HOW TO COMPLETE THIS TASK: Once the line holding "Fall Fox Planner" is found in the listing below, write it out and each later line exactly, up to and including the one holding "Kuh mit Strohhut Alu Gebürstet Bild".

EXERCISE DATA:
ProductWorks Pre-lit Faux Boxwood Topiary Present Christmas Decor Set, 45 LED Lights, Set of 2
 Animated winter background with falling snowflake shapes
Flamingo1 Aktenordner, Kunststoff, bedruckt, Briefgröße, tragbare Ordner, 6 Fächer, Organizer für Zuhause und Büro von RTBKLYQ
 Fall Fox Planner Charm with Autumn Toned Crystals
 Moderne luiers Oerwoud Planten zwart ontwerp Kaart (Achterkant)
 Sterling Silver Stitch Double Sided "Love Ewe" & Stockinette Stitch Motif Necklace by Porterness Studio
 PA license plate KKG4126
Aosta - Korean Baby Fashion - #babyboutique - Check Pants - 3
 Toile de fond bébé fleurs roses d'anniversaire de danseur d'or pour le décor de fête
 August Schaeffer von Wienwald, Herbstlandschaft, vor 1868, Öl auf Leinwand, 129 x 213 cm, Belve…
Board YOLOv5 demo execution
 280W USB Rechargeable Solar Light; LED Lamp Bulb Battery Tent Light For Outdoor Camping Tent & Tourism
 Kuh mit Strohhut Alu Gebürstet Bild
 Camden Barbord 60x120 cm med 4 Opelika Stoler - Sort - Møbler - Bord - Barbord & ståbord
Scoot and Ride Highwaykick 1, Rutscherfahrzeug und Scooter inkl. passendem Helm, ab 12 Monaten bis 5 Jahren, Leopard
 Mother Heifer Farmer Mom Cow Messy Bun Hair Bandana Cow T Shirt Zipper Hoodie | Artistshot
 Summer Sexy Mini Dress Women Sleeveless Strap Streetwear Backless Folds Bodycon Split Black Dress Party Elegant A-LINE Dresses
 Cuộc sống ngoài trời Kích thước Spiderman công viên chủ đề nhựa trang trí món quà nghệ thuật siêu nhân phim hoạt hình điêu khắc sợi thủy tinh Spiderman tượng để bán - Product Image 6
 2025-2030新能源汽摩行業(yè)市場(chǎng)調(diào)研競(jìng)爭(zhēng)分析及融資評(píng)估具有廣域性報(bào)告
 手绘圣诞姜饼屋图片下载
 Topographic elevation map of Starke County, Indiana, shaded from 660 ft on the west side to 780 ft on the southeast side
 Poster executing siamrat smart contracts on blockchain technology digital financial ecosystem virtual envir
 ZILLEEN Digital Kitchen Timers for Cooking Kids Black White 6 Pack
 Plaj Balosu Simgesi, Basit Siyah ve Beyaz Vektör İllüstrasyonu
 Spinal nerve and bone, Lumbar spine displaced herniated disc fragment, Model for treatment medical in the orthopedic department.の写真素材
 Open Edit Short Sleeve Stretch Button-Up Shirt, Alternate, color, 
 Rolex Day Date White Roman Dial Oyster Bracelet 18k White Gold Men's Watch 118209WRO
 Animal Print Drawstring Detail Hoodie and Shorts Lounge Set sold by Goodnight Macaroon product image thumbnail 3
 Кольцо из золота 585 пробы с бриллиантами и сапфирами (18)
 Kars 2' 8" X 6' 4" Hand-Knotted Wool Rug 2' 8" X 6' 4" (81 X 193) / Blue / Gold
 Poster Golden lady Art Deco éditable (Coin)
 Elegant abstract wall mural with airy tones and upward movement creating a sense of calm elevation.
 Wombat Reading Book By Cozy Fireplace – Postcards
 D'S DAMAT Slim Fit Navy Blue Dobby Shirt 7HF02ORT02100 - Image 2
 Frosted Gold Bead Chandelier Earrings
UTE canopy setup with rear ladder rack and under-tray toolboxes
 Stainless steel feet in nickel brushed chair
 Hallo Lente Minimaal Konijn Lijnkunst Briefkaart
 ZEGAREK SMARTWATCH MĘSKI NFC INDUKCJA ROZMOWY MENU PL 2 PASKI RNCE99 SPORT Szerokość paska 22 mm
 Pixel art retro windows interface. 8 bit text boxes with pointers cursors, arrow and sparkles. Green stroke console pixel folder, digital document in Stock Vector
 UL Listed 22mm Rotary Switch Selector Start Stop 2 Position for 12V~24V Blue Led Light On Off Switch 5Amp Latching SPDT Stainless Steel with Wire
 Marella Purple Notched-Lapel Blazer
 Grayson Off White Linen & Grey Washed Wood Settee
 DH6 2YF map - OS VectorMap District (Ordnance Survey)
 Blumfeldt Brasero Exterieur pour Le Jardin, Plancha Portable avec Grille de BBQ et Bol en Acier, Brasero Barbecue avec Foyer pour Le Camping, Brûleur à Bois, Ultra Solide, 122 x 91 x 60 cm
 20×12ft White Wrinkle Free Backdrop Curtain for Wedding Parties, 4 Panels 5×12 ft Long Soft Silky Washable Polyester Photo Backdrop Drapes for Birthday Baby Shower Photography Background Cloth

EXERCISE SOLUTION:
 Fall Fox Planner Charm with Autumn Toned Crystals
 Moderne luiers Oerwoud Planten zwart ontwerp Kaart (Achterkant)
 Sterling Silver Stitch Double Sided "Love Ewe" & Stockinette Stitch Motif Necklace by Porterness Studio
 PA license plate KKG4126
Aosta - Korean Baby Fashion - #babyboutique - Check Pants - 3
 Toile de fond bébé fleurs roses d'anniversaire de danseur d'or pour le décor de fête
 August Schaeffer von Wienwald, Herbstlandschaft, vor 1868, Öl auf Leinwand, 129 x 213 cm, Belve…
Board YOLOv5 demo execution
 280W USB Rechargeable Solar Light; LED Lamp Bulb Battery Tent Light For Outdoor Camping Tent & Tourism
 Kuh mit Strohhut Alu Gebürstet Bild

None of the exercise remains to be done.